United Airlines got the go-ahead from the bankruptcy judge to terminate four pension plans, according to the Associated Press. The emotionally charged decision paves the way for the embattled airline to exit from Chapter 11 later this year.
The termination will saddle the Pension Benefit Guaranty Corp. with an additional $5 billion in obligations, according to the report. The decision has prompted several employer groups to threaten a strike and several members of Congress to warn that the government eventually may have to bail out the PBGC.
“Taxpayers had better buckle up because we will be in for a bumpy ride of bailout after bailout, as more and more corporations dump their pension plan obligations on the PBGC,” said Rep. Jan Schakowsky (D-Ill.), according to the wire service. (Senior editor Marie Leone observes, however, that the thorny issues surrounding the UAL bailout should not unfairly taint legitimate bankruptcy law.
The AP reported that the United pensions cover 120,000 workers, including 62,000 active employees.
Under the arrangement, the PBGC will receive $1.5 billion in notes and convertible stock in a reorganized UAL Corp., United’s parent company.
“Approval of the PBGC settlement agreement is a crucial step forward for the future of United, as it strengthens the financial platform this company needs to attract exit financing and compete effectively,” the airline said in a statement, according to the AP. “At the same time, we clearly recognize that the court’s decision is difficult for our retirees and our employees, who have been doing extraordinary work throughout this restructuring process.”

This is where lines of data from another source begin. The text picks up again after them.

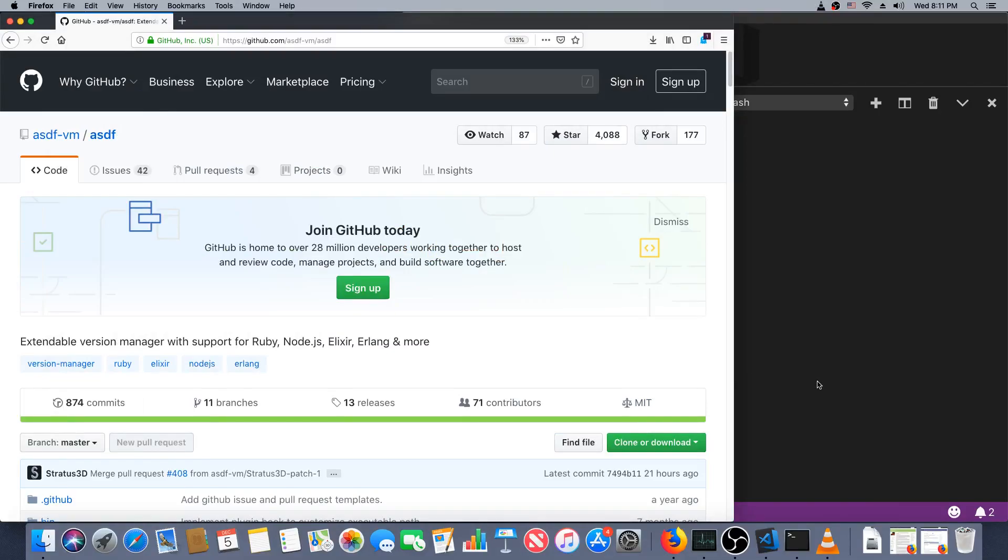Hey, what's up, this is Mark at Alchemist Camp where usually we learn Elixir by building things, but today we're setting up a new Mac and one part of that is ASDF, which is a package manager for multiple languages.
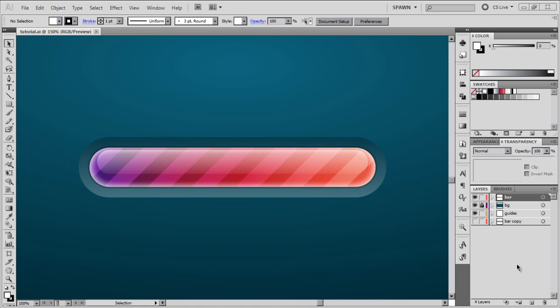Hello and welcome to another quick tip screencast. My name is Maciej Lenartowicz and today I'm going to show you how to create this simple yet effective progress bar graphic. We're going to use a couple of strokes, a couple of effects, and finally we're going to use textures to give it this great appealing look. So let's get started.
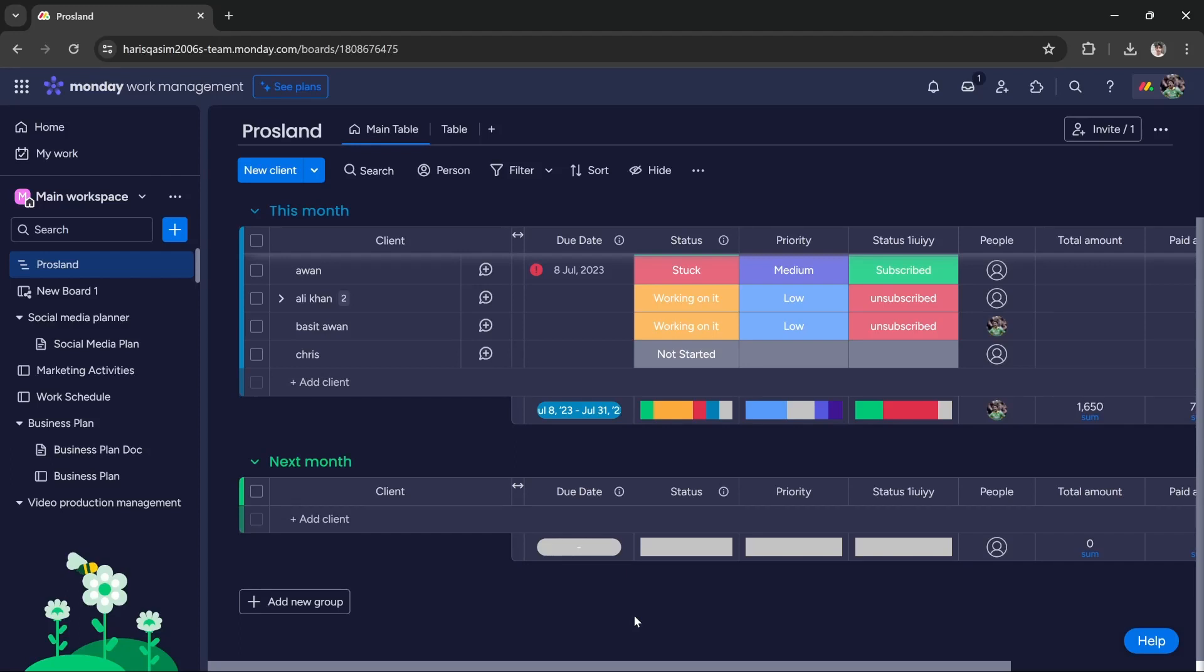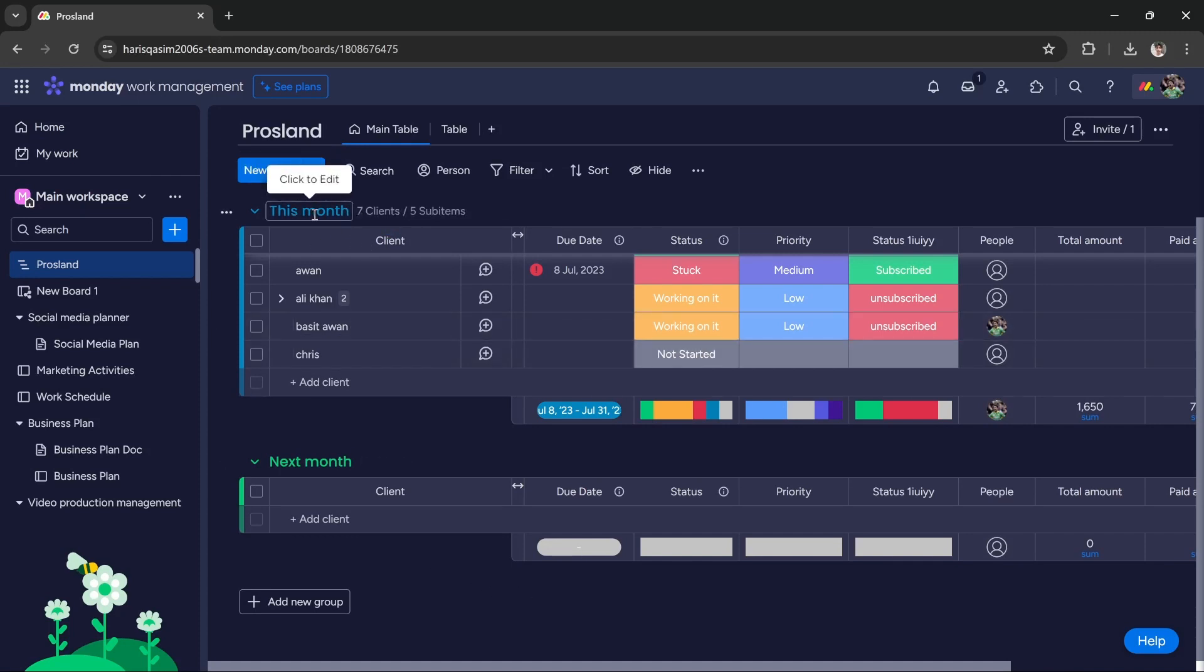Hi guys, in this tutorial I'll teach you how you can create different columns for all groups in Monday.com. As you can see, this is a board and this board has two groups. The first group is 'This month' and the second group is called 'Next month.'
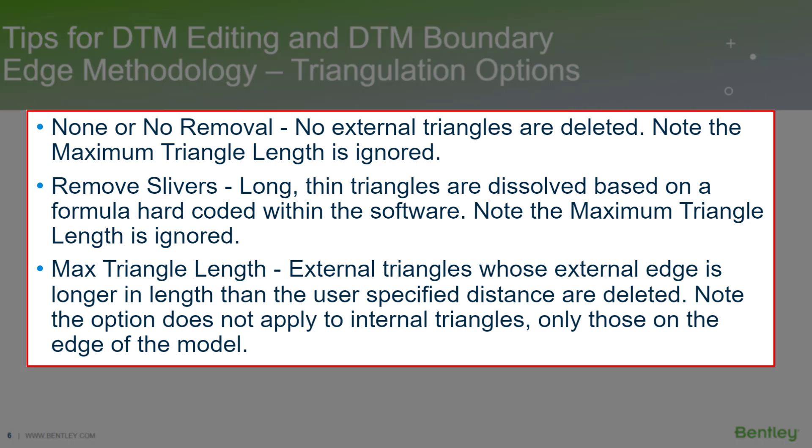The first option is none, the next option is remove slivers, and the other one is maximum triangle length. These are the options for triangulation. I'm going to do a demonstration to show you what each of these does, so if you have questions about these triangulation options, you can follow what I'm showing next.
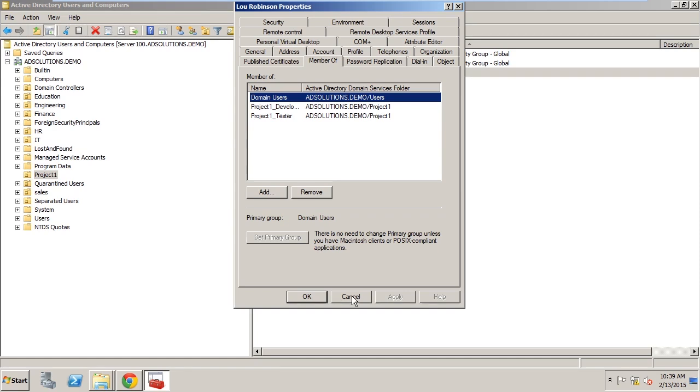Oh and one final note, when users are restored from the recycle bin the last password that they had is actually restored as well making sure that that user can easily log on with their account.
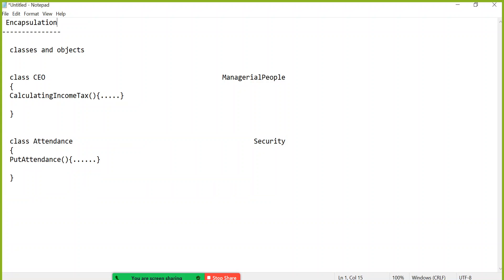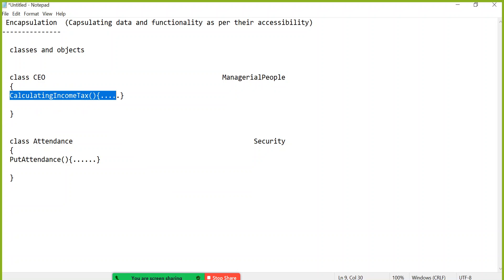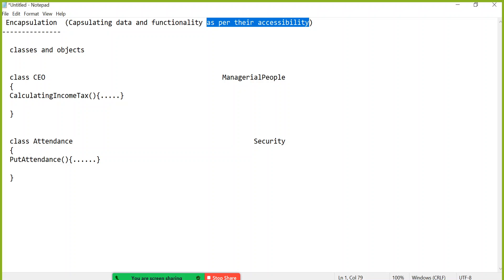So when we say encapsulation — encapsulating data and functionality as per their accessibility. The manager should only call the management function and the security guard should only call the attendance function. Based on the requirement, which category of people will access what kind of data and functionality — based on that you are capsulating them together into a class, creating objects, and accessing them as per the required accessibility. That single word is encapsulation.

Now that United won’t be saddled with its pension costs, its rivals feel they will be put at a financial disadvantage. (Senior writer Kate O’Sullivan wonders whether Delta will be next.) For its part, American Airlines has publicly pledged to retain its pension funds, but it will no doubt re-evaluate this policy in light of the United deal.
Of course, there is the stark reality that old-line airlines with huge cost structures and legacy pension obligations may be put into a position of choosing between terminating pensions and surviving, or keeping their pension promise and going out of business. It’s a dilemma uniquely faced by a number of old-line industries, such as autos and steel.